A Punjabi suit that features two items - a qameez (top), salwar (bottom) is the traditional attire of the Punjabi people. Shalwars are trousers which are atypically wide at the waist but which narrow to a cuffed bottom. They are held up by a drawstring or elastic belt, which causes them to become pleated around the waist. The trousers can be wide and baggy, or they can be cut quite narrow, on the bias. The kameez is a long shirt or tunic. The side seams are left open below the waist-line (the opening known as the chaak (Note: A Dictionary of Urdu, Classical Hindi, and English: chāk derives from the Persian "چاك ćāk, Fissure, cleft, rent, slit, a narrow opening (intentionally left in clothes).")), which gives the wearer greater freedom of movement. The kameez is usually cut straight and flat; older kameez use traditional cuts; modern kameez are more likely to have European-inspired set-in sleeves.
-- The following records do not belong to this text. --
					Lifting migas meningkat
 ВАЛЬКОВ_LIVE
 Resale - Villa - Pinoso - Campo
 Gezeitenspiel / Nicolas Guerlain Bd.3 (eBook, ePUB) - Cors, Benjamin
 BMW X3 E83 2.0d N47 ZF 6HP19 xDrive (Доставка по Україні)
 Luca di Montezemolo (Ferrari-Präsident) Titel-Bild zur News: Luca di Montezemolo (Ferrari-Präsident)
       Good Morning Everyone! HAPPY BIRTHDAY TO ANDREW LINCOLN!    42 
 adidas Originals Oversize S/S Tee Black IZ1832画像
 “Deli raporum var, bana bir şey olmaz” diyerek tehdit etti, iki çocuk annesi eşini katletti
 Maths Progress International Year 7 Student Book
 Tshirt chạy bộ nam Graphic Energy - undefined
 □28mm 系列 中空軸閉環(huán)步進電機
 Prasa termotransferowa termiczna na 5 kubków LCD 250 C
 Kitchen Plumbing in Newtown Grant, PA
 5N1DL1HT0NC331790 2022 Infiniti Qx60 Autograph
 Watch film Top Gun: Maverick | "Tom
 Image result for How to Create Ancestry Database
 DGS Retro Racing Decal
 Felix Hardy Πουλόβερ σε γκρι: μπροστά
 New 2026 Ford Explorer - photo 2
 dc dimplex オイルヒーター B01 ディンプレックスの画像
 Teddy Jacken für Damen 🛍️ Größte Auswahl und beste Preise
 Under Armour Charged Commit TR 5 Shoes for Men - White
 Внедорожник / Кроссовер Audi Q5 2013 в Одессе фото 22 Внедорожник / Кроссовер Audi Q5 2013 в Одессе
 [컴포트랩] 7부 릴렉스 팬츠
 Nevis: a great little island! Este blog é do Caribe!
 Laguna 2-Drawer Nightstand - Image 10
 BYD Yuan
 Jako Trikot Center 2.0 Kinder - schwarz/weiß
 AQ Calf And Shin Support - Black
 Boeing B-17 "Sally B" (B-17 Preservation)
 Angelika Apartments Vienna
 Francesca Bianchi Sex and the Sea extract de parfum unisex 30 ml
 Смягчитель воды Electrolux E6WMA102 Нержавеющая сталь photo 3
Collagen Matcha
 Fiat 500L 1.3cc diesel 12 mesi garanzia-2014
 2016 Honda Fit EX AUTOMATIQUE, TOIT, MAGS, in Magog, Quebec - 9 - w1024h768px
The combination garment is sometimes called salwar kurta, salwar suit, or Punjabi suit. The shalwar-kameez is a widely-worn, and national dress, of Pakistan. When women wear the shalwar-kameez in some regions, they usually wear a long scarf or shawl called a dupatta around the head or neck. The dupatta is also employed as a form of modesty—although it is made of delicate material, it obscures the upper body's contours by passing over the shoulders. For Muslim women, the dupatta is a less stringent alternative to the chador or burqa (see hijab and purdah); for Sikh and Hindu women, the dupatta is useful when the head must be covered, as in a temple or the presence of elders. Everywhere in South Asia, modern versions of the attire have evolved; the shalwars are worn lower down on the waist, the kameez have shorter length, with higher splits, lower necklines and backlines, and with cropped sleeves or without sleeves.

The Punjabi suit is popular in other regions of the subcontinent, such as Mumbai and Sindh. It is also popular in Afghanistan, where it is called the Punjabi.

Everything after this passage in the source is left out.